The Open Model Battle Is Becoming an Operations Battle

The larger question around Command A+ is how open models now compete.

For a long time, open model coverage focused on how close a model came to closed frontier systems. That still matters. But enterprise adoption brings different questions to the front. Is the serving stack stable? Does vLLM handle tool-call parsing well enough? How are updates rolled out? How are evaluations automated? Does latency hold up under real concurrency? How are data permissions and audit logs preserved?

Command A+ does not answer all of those questions. It makes them more concrete.

W4A4 lowers the hardware requirement, but quantization can change failure patterns in long reasoning and tool-heavy workloads. The model card notes that reasoning models can suffer greater degradation at lower-bit quantization, and that Cohere uses selective quantization and distillation to reduce the loss. That is a reasonable approach. It is not a substitute for workload-specific evaluation.

The same applies to the two-H100 claim. Running a model and serving a production agent are different tasks. A single slow test request is not the same as dozens of analysts processing long documents concurrently. If users often generate long outputs near the 64K limit, latency and cost rise again. If agents repeatedly call tools, external system latency may dominate GPU time.

The headline number is useful because it makes the discussion real. It is not the final answer.

Who Should Care Most?

Regulated-industry AI platform teams should pay attention first. Financial services, healthcare, public sector, manufacturing, and defense organizations often care deeply about data location and access boundaries. An Apache 2.0 model that can be evaluated inside controlled infrastructure expands the pilot space.

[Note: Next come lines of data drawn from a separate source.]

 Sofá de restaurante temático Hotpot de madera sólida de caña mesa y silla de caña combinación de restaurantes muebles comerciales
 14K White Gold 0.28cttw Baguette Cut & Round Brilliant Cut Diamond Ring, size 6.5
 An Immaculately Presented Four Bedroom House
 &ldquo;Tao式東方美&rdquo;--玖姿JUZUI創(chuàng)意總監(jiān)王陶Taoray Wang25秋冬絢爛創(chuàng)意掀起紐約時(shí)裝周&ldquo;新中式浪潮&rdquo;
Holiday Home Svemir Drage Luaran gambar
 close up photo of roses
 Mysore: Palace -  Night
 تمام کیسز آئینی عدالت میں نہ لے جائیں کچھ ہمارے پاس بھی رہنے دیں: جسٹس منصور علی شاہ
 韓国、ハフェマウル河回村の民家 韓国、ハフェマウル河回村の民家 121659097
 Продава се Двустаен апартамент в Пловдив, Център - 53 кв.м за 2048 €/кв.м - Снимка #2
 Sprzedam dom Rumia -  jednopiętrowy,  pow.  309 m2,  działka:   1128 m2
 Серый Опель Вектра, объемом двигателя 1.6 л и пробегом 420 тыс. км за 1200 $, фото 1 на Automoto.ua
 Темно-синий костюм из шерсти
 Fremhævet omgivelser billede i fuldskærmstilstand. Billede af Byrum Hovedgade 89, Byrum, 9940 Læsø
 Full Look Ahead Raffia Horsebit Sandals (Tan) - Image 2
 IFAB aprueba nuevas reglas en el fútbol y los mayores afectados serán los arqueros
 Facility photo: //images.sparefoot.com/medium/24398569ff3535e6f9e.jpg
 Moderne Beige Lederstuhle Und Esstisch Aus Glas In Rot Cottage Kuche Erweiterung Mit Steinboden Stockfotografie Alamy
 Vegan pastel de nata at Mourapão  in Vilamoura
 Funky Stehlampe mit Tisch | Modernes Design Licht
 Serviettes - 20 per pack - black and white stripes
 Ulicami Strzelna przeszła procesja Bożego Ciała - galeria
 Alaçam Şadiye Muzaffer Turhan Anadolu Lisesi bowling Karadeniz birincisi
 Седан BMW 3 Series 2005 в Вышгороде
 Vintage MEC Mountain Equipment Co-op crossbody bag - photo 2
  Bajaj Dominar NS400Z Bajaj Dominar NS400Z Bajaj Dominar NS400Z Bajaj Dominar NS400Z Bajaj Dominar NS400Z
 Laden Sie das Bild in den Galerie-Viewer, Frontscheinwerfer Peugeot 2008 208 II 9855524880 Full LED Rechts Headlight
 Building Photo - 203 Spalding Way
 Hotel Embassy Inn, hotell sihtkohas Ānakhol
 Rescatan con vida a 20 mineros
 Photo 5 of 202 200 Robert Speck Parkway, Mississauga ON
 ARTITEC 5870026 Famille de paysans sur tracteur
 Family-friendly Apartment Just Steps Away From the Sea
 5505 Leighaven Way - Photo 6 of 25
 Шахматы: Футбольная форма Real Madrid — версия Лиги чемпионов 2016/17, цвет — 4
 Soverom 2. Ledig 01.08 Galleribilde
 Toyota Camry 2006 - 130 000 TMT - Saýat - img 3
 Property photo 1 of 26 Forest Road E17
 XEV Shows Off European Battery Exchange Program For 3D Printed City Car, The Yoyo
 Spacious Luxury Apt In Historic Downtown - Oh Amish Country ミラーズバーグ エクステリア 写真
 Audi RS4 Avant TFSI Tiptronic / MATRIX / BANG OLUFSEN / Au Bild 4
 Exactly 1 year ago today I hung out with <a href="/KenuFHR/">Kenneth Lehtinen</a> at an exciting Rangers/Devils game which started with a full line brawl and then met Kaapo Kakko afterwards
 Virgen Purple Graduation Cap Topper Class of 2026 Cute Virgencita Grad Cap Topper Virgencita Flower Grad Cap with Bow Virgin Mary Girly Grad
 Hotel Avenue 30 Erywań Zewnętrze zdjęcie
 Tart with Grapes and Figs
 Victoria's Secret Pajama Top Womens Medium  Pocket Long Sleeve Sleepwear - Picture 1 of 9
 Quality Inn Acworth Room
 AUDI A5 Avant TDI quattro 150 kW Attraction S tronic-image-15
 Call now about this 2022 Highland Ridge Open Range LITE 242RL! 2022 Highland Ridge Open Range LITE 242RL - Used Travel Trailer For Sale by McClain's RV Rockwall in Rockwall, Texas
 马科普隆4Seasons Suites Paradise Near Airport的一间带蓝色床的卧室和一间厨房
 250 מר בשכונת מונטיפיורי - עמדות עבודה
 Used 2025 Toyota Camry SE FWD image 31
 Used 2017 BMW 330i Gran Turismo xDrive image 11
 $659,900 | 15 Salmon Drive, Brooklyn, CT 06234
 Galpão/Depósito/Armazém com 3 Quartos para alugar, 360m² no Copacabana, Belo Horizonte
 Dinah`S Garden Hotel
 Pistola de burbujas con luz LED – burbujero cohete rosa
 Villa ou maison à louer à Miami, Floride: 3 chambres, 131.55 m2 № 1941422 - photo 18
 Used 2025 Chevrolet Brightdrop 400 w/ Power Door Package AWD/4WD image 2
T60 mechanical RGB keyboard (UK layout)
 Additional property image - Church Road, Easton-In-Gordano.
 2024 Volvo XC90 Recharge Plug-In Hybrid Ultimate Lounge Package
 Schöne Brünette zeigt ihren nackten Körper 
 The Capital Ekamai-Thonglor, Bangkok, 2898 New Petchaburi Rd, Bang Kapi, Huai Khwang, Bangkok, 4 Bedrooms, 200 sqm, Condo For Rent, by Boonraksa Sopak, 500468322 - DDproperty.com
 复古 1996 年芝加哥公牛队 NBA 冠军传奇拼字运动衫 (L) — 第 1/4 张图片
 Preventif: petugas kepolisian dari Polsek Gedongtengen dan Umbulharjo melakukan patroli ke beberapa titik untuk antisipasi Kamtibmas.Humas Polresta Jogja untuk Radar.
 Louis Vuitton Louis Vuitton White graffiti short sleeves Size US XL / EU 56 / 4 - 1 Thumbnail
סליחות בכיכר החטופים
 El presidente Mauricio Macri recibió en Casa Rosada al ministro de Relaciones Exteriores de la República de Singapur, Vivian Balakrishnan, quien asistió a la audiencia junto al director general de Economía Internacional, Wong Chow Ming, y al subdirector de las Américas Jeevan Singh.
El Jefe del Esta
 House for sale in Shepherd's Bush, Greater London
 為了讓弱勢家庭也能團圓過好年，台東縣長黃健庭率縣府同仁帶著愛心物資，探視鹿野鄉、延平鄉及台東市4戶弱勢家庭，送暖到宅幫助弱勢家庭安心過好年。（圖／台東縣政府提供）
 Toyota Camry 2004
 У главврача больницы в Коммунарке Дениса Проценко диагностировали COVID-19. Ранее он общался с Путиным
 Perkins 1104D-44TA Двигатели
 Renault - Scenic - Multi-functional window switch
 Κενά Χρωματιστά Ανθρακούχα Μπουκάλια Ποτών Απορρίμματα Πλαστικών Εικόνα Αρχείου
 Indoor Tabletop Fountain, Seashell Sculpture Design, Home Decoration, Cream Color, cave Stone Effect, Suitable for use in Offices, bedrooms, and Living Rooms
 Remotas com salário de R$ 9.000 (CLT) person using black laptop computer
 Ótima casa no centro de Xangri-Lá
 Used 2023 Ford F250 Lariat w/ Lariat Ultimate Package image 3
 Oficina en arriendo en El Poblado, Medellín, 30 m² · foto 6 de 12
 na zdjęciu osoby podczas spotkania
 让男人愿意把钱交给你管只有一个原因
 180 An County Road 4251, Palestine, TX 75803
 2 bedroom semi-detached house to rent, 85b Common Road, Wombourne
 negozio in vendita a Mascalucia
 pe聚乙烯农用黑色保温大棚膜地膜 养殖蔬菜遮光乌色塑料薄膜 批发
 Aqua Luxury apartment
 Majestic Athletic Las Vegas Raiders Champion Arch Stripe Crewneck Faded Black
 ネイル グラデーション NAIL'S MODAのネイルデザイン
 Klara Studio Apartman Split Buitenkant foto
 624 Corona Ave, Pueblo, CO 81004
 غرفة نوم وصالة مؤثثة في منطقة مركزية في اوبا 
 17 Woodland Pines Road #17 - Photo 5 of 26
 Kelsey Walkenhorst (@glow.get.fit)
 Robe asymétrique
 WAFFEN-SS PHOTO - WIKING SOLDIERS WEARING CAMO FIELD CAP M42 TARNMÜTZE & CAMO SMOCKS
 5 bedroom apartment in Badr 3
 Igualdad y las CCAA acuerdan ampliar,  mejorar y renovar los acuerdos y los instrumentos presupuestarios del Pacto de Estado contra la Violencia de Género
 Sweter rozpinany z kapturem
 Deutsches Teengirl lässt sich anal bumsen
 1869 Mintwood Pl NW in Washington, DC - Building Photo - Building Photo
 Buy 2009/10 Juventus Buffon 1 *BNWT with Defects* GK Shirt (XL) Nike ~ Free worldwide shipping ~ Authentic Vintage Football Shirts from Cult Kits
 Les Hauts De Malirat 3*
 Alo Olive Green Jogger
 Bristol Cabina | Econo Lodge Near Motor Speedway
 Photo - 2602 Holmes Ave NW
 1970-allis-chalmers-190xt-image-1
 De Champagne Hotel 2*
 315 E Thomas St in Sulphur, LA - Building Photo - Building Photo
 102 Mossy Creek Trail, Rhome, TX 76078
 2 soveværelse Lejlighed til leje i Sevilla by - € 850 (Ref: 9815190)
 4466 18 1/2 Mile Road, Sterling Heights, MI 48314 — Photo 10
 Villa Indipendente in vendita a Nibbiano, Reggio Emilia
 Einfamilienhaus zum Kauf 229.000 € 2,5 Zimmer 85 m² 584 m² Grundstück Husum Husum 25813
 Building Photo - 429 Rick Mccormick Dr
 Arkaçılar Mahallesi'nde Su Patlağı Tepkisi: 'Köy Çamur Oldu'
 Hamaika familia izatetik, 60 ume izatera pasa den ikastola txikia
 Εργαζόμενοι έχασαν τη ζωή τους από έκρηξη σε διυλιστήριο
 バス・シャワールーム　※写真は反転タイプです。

Companies with large multilingual document workloads should also look closely. The 48-language support and Korean token efficiency claim deserve verification. If non-English documents are driving up costs or latency, tokenizer behavior and retrieval quality should be evaluated together.

Agent product builders get another practical option. Tool use, citations, long context, image input, and open weights in one model can change product architecture. But the product does not become reliable the moment the model is attached. Permissions, UI, observability, retries, human-in-the-loop review, and rollback paths still determine whether the agent is useful.

Organizations already paying for GPU capacity may have the clearest immediate reason to test it. If internal GPUs are underutilized, if inference workload is predictable, or if API costs are rising quickly, Command A+ belongs on the comparison sheet. Smaller teams without GPU operations experience may still be better served by managed APIs.

Conclusion

Command A+ is not just another "Cohere released a model" story. It is a case study in what open models need to look like in the agent era.

They need a usable license. They need inference economics that can be discussed in GPU units. They need tool use and citation support. They need long enough context for real work, not just chat. They need multilingual document handling. And they need a serving story that makes private deployment plausible.

There are still open questions. Are two H100s a low enough barrier? Will the North evaluation gains hold in customer workloads? Is 128K context enough for complex enterprise agents? What failure patterns does W4A4 introduce in long reasoning and tool calls? Does Korean document quality improve as much as tokenizer efficiency suggests?

The strongest message in this release is that open model competition is no longer only about being small and free. Enterprise agents force the model weight, license, GPU footprint, serving stack, permissions, citations, and audit trail into the same calculation. Command A+'s most important number might be 218B, 25B, or 2x H100. Taken together, they point to the same conclusion: the next phase of agent model competition will be fought on operating budgets and security review sheets as much as on benchmarks.